Supplied material:
++++
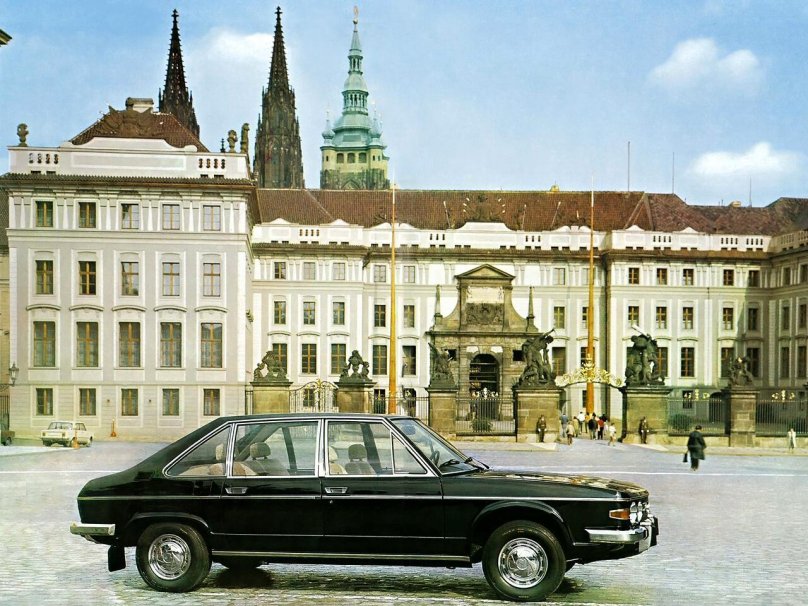 Tatra 613-3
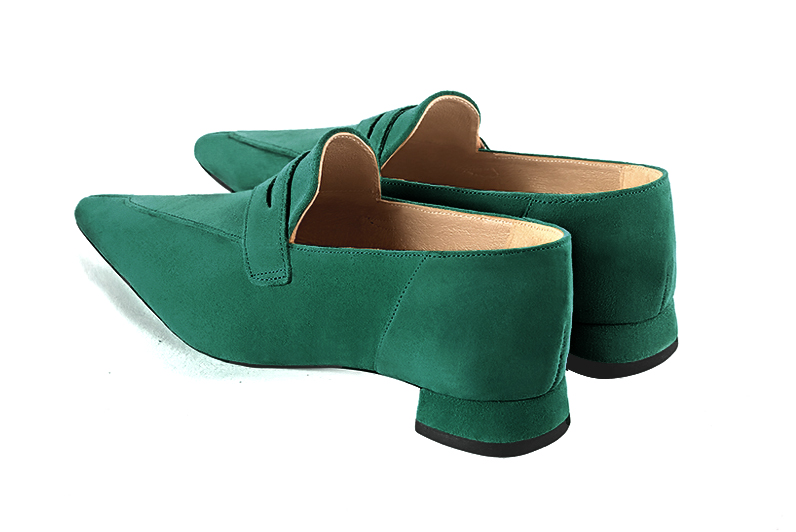 Mocassin femme : Mocassin élégant et raffiné couleur vert émeraude. Bout pointu. Talon plat évasé. Vue arrière - Florence KOOIJMAN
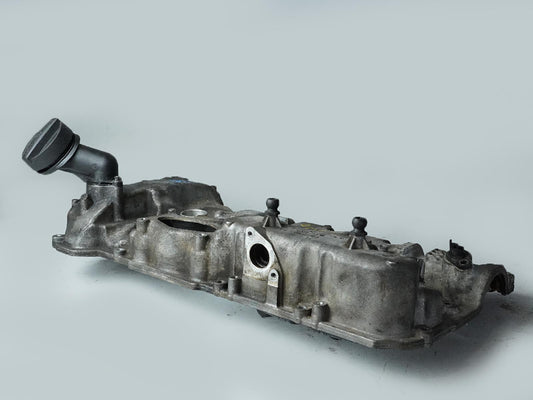 2011 - 2013 Bmw X5 X6 E70 E71 4.4 Twin Turbo Valve Cover Engine Cylinder Head Rh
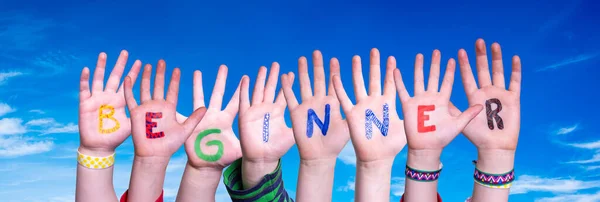 Crianças Mãos Construindo Palavra Iniciante, Céu Azul — Fotografia de Stock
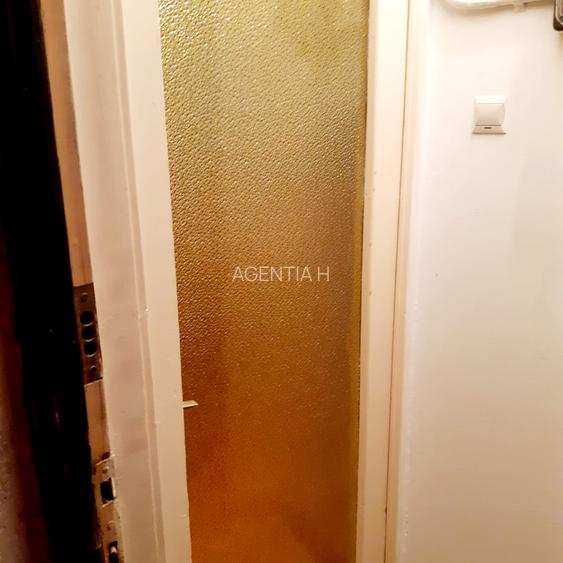 Garsoniera 16 mp Bd. Carol - Izvorul Rece bloc risc seismic 1 - 12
++++
Prompt: Starting at the line containing "Mocassin femme : Mocassin", output every remaining line of the records above exactly, the last one included. Nothing else belongs in the output, and no pictures either.

Task answer:
 Mocassin femme : Mocassin élégant et raffiné couleur vert émeraude. Bout pointu. Talon plat évasé. Vue arrière - Florence KOOIJMAN
 2011 - 2013 Bmw X5 X6 E70 E71 4.4 Twin Turbo Valve Cover Engine Cylinder Head Rh
 Crianças Mãos Construindo Palavra Iniciante, Céu Azul — Fotografia de Stock
 Garsoniera 16 mp Bd. Carol - Izvorul Rece bloc risc seismic 1 - 12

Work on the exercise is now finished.